No entanto, não vejo motivos pelos quais pessoas não possam lutar para que gênero deixe de ter expectativas, valores e obrigatoriedade sem... falar que gênero é algo inútil e ridículo que não existe e que só serve pra definir opressão e que quem quer descobrir sua identidade de gênero e está tentando ver isso como algo positivo e com múltiplas possibilidades está contribuindo com estereótipos patriarcais e ignorando que imposições e estereótipos de gênero são ruins para grande parte da população mundial.

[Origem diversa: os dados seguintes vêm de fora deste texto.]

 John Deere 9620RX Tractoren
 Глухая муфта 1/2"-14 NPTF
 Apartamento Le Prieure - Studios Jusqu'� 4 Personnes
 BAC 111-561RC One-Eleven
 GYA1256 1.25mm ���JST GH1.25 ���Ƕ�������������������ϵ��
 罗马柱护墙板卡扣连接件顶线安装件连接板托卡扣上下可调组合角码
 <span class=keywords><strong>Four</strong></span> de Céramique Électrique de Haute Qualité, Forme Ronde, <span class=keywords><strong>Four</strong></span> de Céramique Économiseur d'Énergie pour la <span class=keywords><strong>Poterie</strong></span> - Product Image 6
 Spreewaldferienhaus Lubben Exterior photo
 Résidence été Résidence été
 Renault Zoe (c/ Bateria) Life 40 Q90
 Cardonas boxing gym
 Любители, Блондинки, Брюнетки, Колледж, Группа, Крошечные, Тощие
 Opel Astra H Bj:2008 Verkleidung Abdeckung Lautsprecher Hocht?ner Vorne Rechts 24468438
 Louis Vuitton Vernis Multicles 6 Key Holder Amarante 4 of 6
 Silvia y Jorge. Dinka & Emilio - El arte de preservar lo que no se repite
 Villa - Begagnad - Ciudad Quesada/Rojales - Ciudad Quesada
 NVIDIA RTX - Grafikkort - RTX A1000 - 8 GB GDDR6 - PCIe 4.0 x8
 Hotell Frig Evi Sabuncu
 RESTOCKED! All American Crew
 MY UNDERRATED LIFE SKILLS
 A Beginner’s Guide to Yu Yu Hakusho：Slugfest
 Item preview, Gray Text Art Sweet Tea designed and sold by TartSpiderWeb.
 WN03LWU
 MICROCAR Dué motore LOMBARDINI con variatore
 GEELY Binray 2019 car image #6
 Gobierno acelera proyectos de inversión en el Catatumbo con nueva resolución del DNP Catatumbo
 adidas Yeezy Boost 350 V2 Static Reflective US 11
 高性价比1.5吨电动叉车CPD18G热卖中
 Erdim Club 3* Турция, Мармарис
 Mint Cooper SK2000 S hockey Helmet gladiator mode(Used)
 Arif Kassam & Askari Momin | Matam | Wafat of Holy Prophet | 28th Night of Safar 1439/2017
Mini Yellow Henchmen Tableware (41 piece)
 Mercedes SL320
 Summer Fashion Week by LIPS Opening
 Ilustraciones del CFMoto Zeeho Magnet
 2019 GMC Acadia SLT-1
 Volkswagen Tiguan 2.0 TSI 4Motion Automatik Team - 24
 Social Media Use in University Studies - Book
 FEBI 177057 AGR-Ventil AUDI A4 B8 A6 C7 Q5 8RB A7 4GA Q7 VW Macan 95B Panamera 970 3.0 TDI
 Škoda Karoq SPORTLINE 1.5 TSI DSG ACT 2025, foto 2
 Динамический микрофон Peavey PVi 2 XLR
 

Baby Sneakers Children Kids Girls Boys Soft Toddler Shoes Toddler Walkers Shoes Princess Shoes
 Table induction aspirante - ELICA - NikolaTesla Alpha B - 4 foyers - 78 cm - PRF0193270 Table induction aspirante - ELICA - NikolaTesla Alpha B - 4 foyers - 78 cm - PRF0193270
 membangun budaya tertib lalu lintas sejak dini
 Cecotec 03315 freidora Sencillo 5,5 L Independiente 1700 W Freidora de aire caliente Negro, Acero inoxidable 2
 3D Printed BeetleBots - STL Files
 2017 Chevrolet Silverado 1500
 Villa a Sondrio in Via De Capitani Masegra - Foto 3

Muitas pessoas não-binárias acabam se sentindo alienadas de lutas feministas por conta de suposições exorsexistas e patriarcais em relação a gênero e opressão por gênero. O movimento feminista é importante e ajudou a desenvolver vários conceitos relacionados a opressão, e tem muito em comum com a luta não-binária contra imposição de gênero e liberdade para definir a própria identidade de gênero. Só que, quanto mais pessoas utilizam argumentos cissexistas e exorsexistas em nome do feminismo e da "realidade material", menos pessoas não-binárias vão se sentir à vontade em consumir conteúdo feminista e participar de grupos feministas, o que acho que é uma perda para os dois lados.

Considerações finais

  • Não adianta superficialmente dizer "pessoas não-binárias existem" e "pessoas trans são válidas" só pra depois dizer que certas identidades de gênero "não são materiais", que "identificação pessoal não é mais importante do que como a sociedade trata", que "todo mundo sente atração por pessoas não-binárias porque o que importa é se se atraem por quem parece homem, por quem parece mulher ou os dois", e afins;

  • O que uma pessoa internaliza geralmente tem mais a ver com sua identidade real do que com a identidade que a sociedade vê;

  • A sociedade não necessariamente trata pessoas de forma uniforme, então "mas as pessoas te leem como tal coisa" ou "te designaram como tal coisa ao nascimento" não são justificativas para forçar um alinhamento binário em uma pessoa;

  • Identidade de gênero pode ser afetado por pressões externas, mas isso não significa que a de todo mundo é formada pela opressão que sofre, e isso também não significa que apenas a opressão de gênero pode ser um fator que "modifica" a identidade de gênero de alguém. Pessoas neurogênero, nulagênero e intergênero existem, entre outras;

  • Exormisoginia (misoginia contra pessoas não-binárias que se consideram mulheres de alguma forma ou em algum aspecto) existe. Transmisoginia também. Intermisoginia (misoginia contra mulheres intersexo) também. Assim como não existe uma vivência universal de mulheres cis e binárias por conta de fatores como raça, deficiência, poder aquisitivo, (in)conformidade de gênero, orientação e afins que precisa ser levada em consideração quando se fala de mulheridade e misoginia, as vivências de mulheres trans, não-bináries e intersexo também são importantes;

  • Teorias sobre opressão se aplicam a contextos gerais, não necessariamente às vidas individuais de cada pessoa. Assim como não é uma contradição a existência de líderes políticas mulheres em países misóginos, não dá pra forçar narrativas sobre o que gênero é, deve ser, pode ser interpretado e serve como forma de opressão que vai ser verdade para todas as pessoas como indivíduos, mesmo que sirvam para bastante gente.